Though there has been a steady increase in immigration over the last decades, this has not translated into the kind of social and economic breakdown and violence that has from time to time disfigured countries such as the UK, France, the Netherlands for example. By and large the Swiss have managed to accommodate this large scale immigration quite remarkably well. Another curious aspect of the referendum vote is that, again with the exception of Ticino, on the whole Kantons with above average levels of immigration, Zürich, Geneva etc voted against restrictions. While Kantons such as Uri, Obwalden, Aargau etc with below average levels of immigration, all voted strongly in favour of quotas. An illustration of this voting pattern can be found here.

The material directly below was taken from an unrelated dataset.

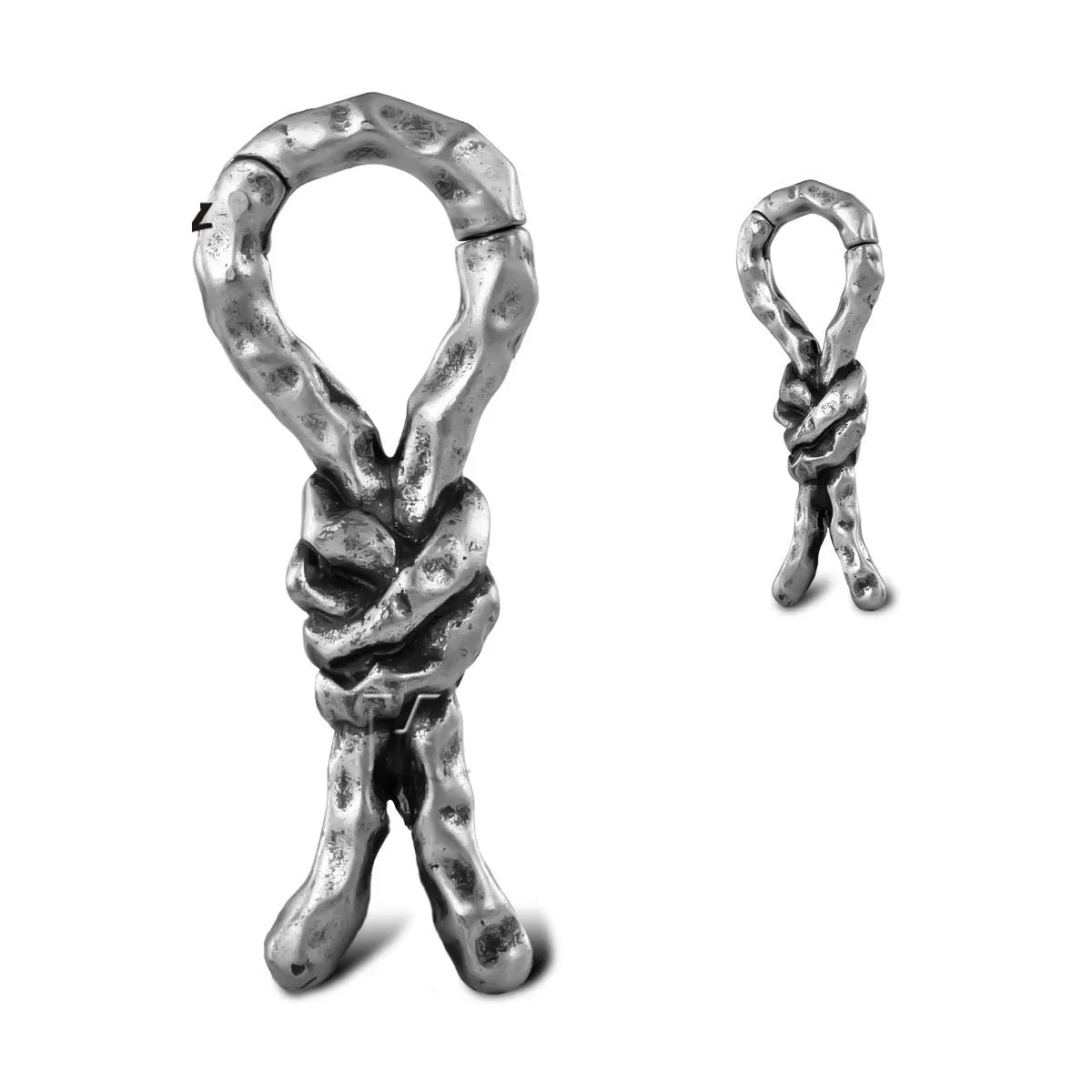 Copper earring with bent retro design for auricle piercing, 4mm size.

So what did cause the vote in favour of quotas for migrants from EU countries? One clue may come from the countries of origin of most immigrants. Two countries stand out as sources of immigrants – Italy and Germany. As noted above, the highest votes in favour of restrictions was found in Ticino, the one Italian speaking Kanton in Switzerland. While many Italians will have migrated to other parts of Switzerland, a significant number will have settled in Ticino, just across the border. Add in that Ticino has an above average level of unemployment and we may be discovering one of the factors in the vote. It is also worth noting that Ticino has always voted in favour of restricting immigration. The other fact to note is that apart from Zürich, Zug and Basel Stadt, all German speaking Kantons voted in favour of quotas. The reason for this may be similar to Ticino. The overwhelming majority of immigrants from Germany will have settled in German speaking Kantons. It is also a fact that in recent years the largest influx of migrants have come from Germany. This is a relatively recent, post 2000 experience for Switzerland and one that a lot of German speaking Swiss do not like. German language newspapers have regular articles on this issue. It has not gone unnoticed in Germany. The German online magazine Die Zeit entitled one of their reports on the referendum vote thus: Fuck you, Deutschland. It is a fascinating read which you can find here.

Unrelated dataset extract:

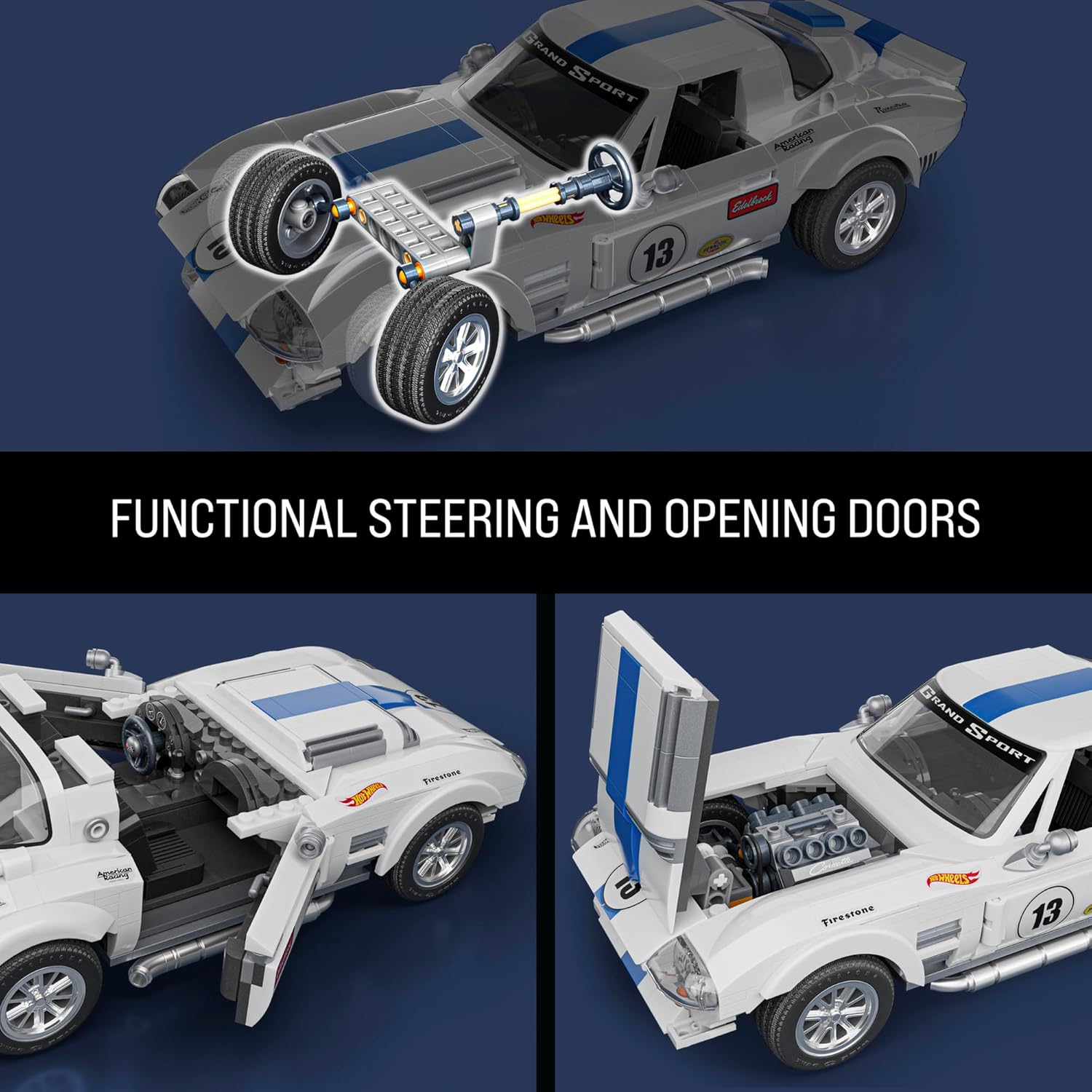 Mattel Brick Shop Hot Wheels Elite Series Corvette Grand Sport Building Set, 918 Pieces, Realistic Details, Custom Decals, Includes Metal Car, Father’s Day Gift, Adult Collectors, Kids Ages 10+,JGR31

That headline perhaps best sums up the referendum result, though it should be matched by a smaller one reading Fuck you, Italy. Despite the best efforts of the anti EU brigade this was not in essence a vote about the EU. The result was massively influenced by anti German and anti Italian feeling. But, and this is the most fascinating aspect of the vote, the most anti German were Swiss Germans and the most anti Italian were Swiss Italians. For one reason or another a majority of Swiss Germans and Swiss Italians feel more threatened by their fellow language speakers than by other immigrants. This aspect of the result deserves a post on its own, but alas it will have to be by someone with more knowledge of this subject than I.

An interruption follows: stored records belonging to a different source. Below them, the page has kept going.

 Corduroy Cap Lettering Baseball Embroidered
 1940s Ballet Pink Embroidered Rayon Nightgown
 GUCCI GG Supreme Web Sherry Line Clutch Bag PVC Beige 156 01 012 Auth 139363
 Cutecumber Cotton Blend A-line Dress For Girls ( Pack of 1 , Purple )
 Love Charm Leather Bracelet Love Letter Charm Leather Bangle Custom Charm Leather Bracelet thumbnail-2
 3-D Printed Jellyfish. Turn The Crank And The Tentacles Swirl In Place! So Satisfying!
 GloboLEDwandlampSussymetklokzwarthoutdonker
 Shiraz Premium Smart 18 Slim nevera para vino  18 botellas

A few words about what will happen next. The short answer is nothing, as it seems there is a three year period before any changes to the current regulations need to be enacted. What these might be are completely unknown. Even the SVP had no answers to questions about how these quotas might be constructed. Will there be separate quotas for different sectors of the economy? for different regions of the country? Who will determine how high to set the quota? And most important of all, how can any quota system be compatible with the various Bilateral Agreements with the EU? By substantial majorities Swiss voters have approved these Bilateral Agreements, which enable Switzerland to participate in the Single Market. This includes the Free Movement of People. It is almost inconceivable that Switzerland can have one without the other. Perhaps someone should have pointed this out first. In any case I would not be surprised if a new Bilateral Agreement between Switzerland and the EU was to be negotiated, one which again included the Free Movement of People. This will then be put to the voters in another referendum in say two years time. It will be very interesting to see if those who voted to restrict immigration would do so again if it meant leaving the Single Market.